Task statement - Copy the records below exactly, leaving out any pictures.

= = = = =

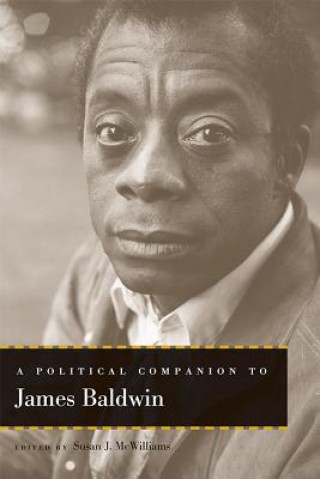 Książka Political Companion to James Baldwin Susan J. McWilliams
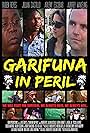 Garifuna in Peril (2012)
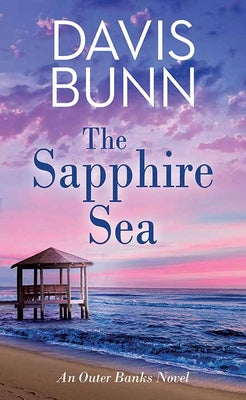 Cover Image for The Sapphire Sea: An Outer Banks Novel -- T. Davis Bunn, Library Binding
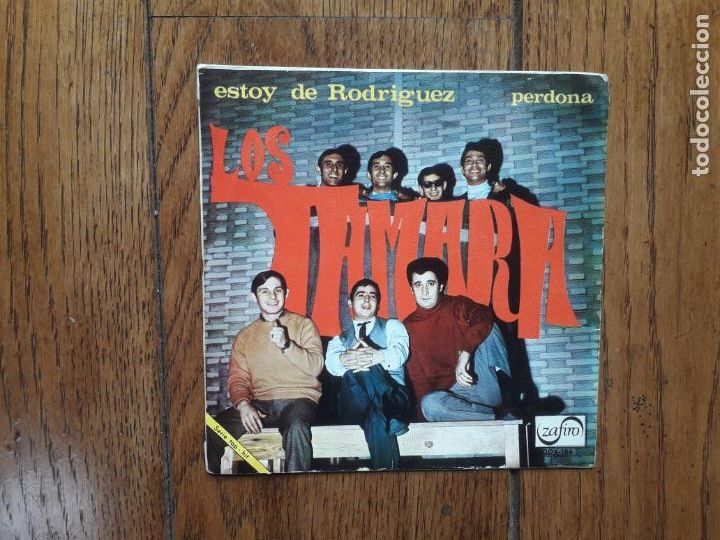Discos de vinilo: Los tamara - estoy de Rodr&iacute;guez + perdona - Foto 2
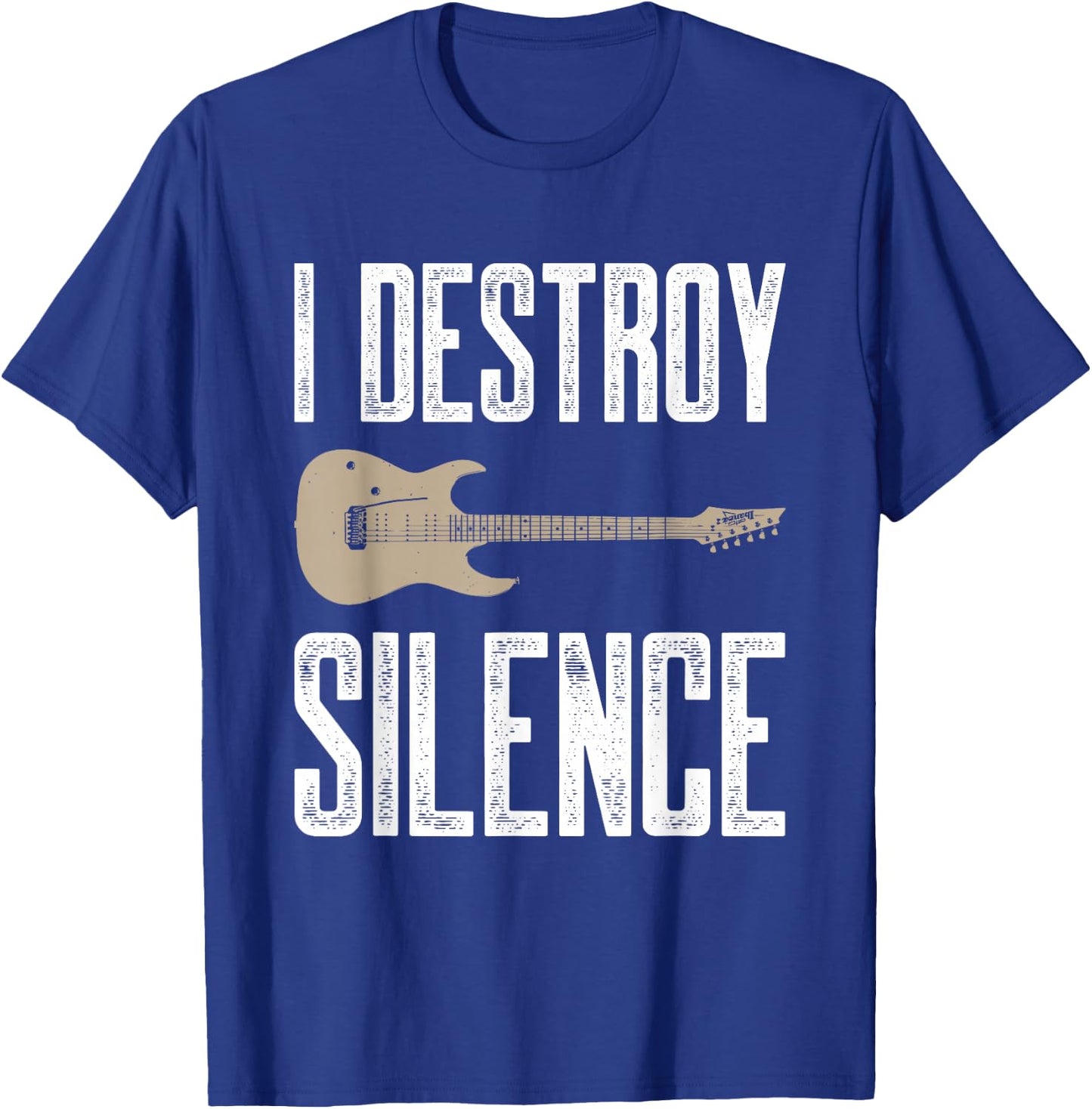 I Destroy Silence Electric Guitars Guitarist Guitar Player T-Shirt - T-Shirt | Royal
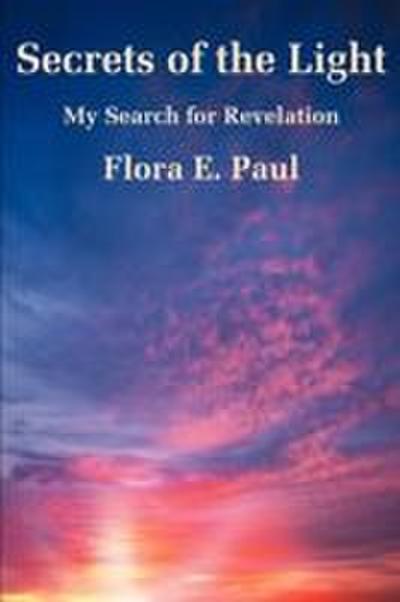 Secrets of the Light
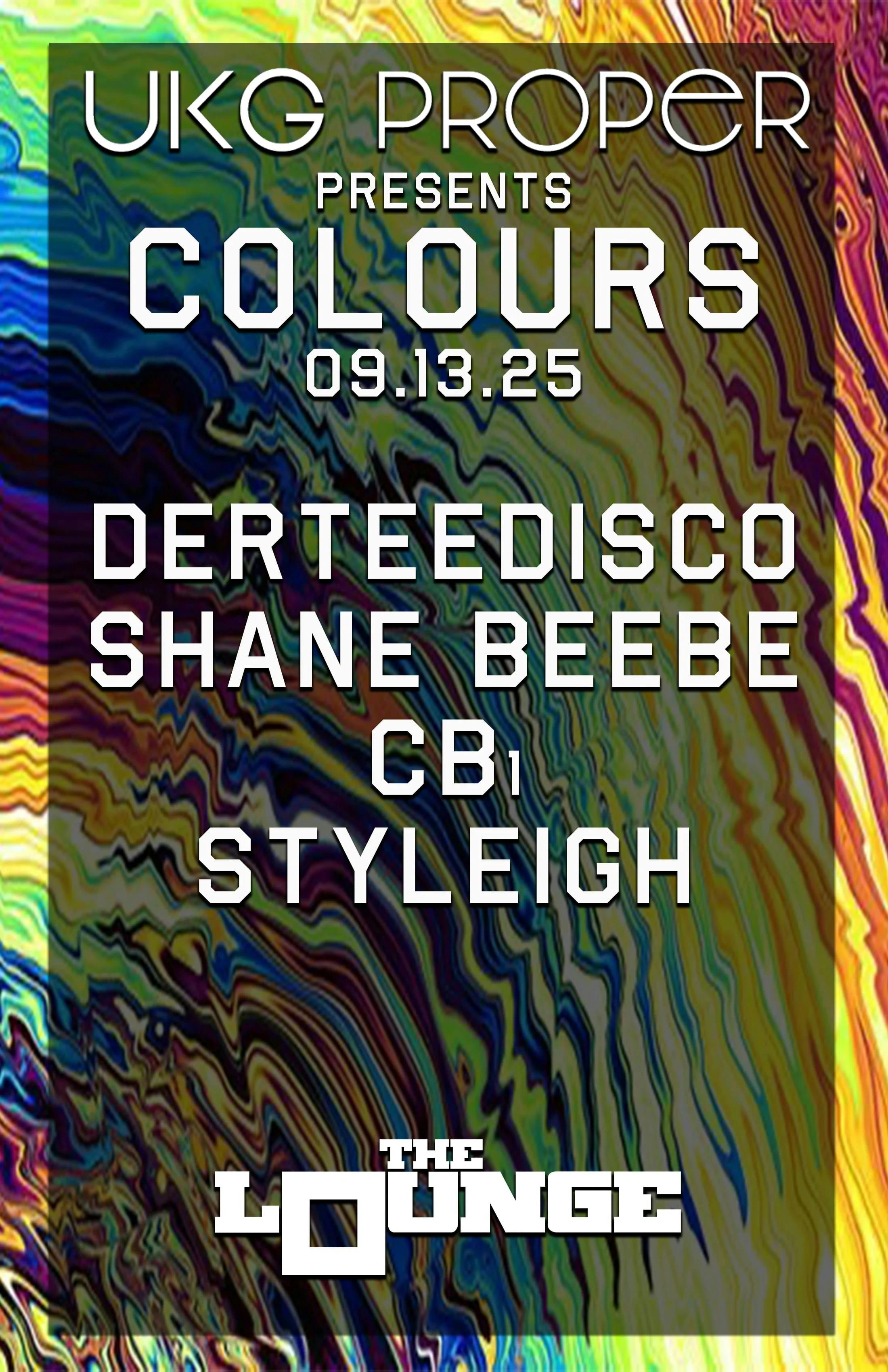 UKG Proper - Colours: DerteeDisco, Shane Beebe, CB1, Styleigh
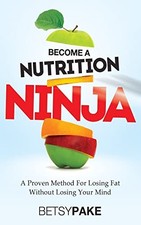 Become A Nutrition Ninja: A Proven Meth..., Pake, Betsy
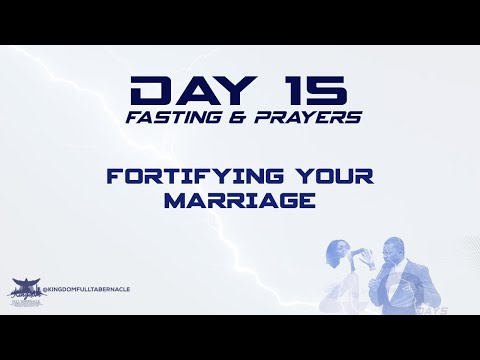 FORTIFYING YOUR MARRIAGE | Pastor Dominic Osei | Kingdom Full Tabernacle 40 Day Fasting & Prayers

= = = = =

Exercise response -
 Książka Political Companion to James Baldwin Susan J. McWilliams
 Garifuna in Peril (2012)
 Cover Image for The Sapphire Sea: An Outer Banks Novel -- T. Davis Bunn, Library Binding
Discos de vinilo: Los tamara - estoy de Rodr&iacute;guez + perdona - Foto 2
 I Destroy Silence Electric Guitars Guitarist Guitar Player T-Shirt - T-Shirt | Royal
 Secrets of the Light
 UKG Proper - Colours: DerteeDisco, Shane Beebe, CB1, Styleigh
 Become A Nutrition Ninja: A Proven Meth..., Pake, Betsy
 FORTIFYING YOUR MARRIAGE | Pastor Dominic Osei | Kingdom Full Tabernacle 40 Day Fasting & Prayers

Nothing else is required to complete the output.